A block of mass $$m$$ is placed on a surface with a vertical cross section given by $$y = \frac{x^3}{6}$$. If the coefficient of friction is 0.5, the maximum height above the ground at which the block can be placed without slipping is:

We consider the curve that makes the supporting surface. Its equation in Cartesian form is

$$y=\dfrac{x^{3}}{6}$$

Here the ground is the $$x$$-axis ($$y=0$$) and the point $$P(x,y)$$ on the curve is the position where the block is placed. At $$P$$ the surface is inclined at an angle $$\theta$$ with the horizontal. For a curve $$y=f(x)$$ the tangent makes an angle whose tangent is the derivative of the curve, that is

$$\tan\theta=\left|\dfrac{dy}{dx}\right|.$$

So we first differentiate $$y$$ with respect to $$x$$:

$$\dfrac{dy}{dx}=\dfrac{d}{dx}\!\left(\dfrac{x^{3}}{6}\right)=\dfrac{3x^{2}}{6}=\dfrac{x^{2}}{2}.$$

Hence the local slope and therefore the tangent of the angle of inclination are

$$\tan\theta=\dfrac{x^{2}}{2}.$$

Now the block will remain at rest provided that the component of its weight trying to pull it down the incline is not larger than the maximum static friction which resists that tendency. The usual condition is

$$\text{(down-slope component)}\;\le\;\text{(maximum static friction)}.$$

Writing the forces explicitly:

• The component of the weight along the incline is $$mg\sin\theta.$$

• The normal reaction from the surface is $$N=mg\cos\theta.$$

• The maximum possible static friction is $$f_{\max}=\mu N=\mu mg\cos\theta,$$ where $$\mu$$ is the coefficient of static friction.

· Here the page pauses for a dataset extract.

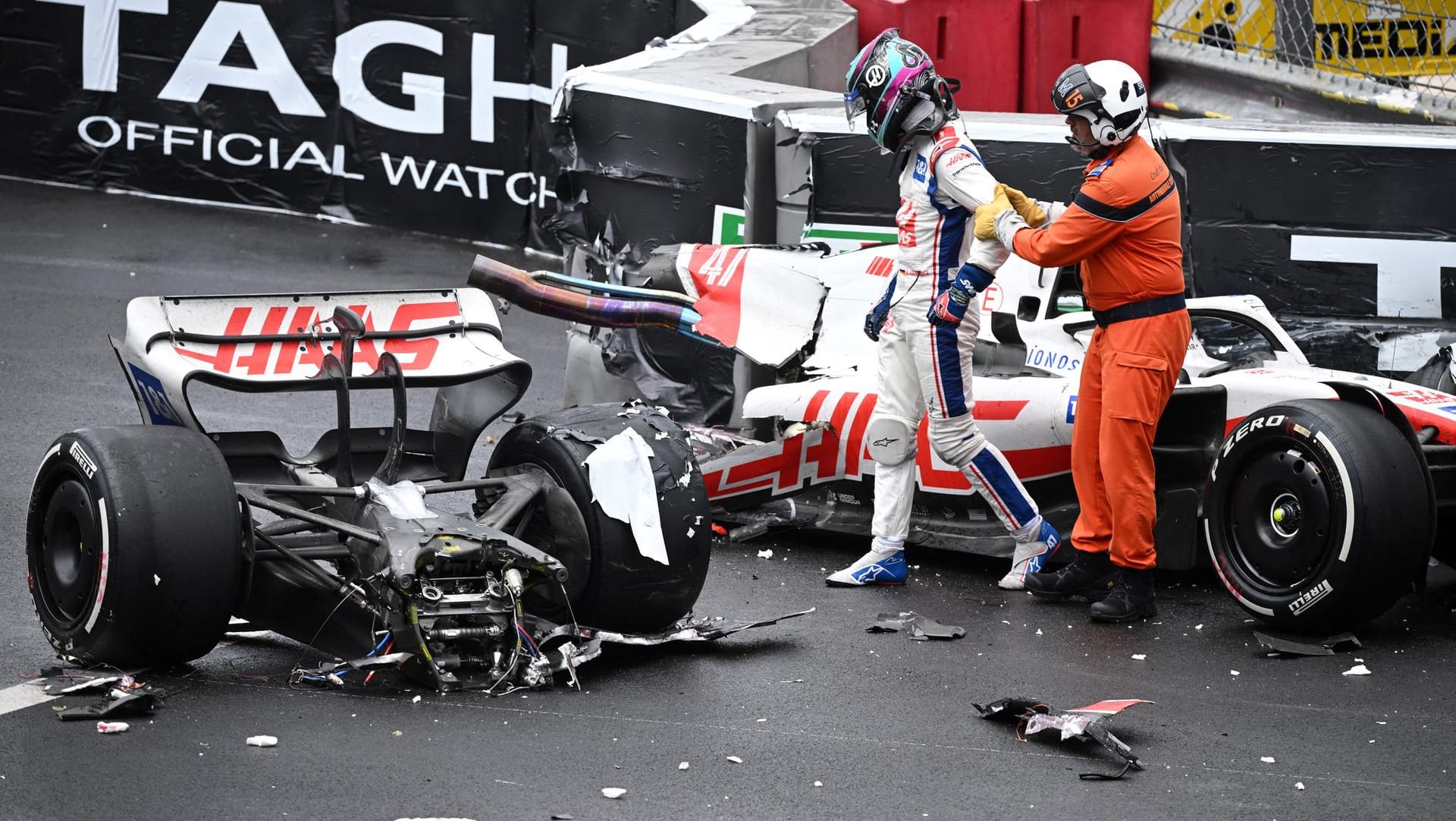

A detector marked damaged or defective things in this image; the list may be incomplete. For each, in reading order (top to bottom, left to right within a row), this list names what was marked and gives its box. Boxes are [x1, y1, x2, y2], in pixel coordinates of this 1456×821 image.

The limiting (just-about-to-slip) case therefore satisfies

$$mg\sin\theta=\mu mg\cos\theta.$$

Dividing both sides by $$mg\cos\theta$$ we obtain

$$\tan\theta=\mu.$$

This is the standard result: the block is safe as long as $$\tan\theta\le\mu.$$ To find the highest position that is still safe we set the equality

$$\tan\theta=\mu.$$

Given $$\mu=0.5=\dfrac12,$$ and substituting $$\tan\theta=\dfrac{x^{2}}{2},$$ we write

$$\dfrac{x^{2}}{2}=\dfrac12.$$

Multiplying both sides by $$2$$:

$$x^{2}=1.$$

Taking the positive root because height increases with positive $$x$$:

$$x=1\;\text{m}.$$

Now we substitute this $$x$$ back into the equation of the curve to find the corresponding height $$y$$:

$$y=\dfrac{x^{3}}{6}=\dfrac{1^{3}}{6}=\dfrac16\;\text{m}.$$

This is the greatest vertical height above the ground at which the block can be placed without beginning to slide.

Hence, the correct answer is Option A.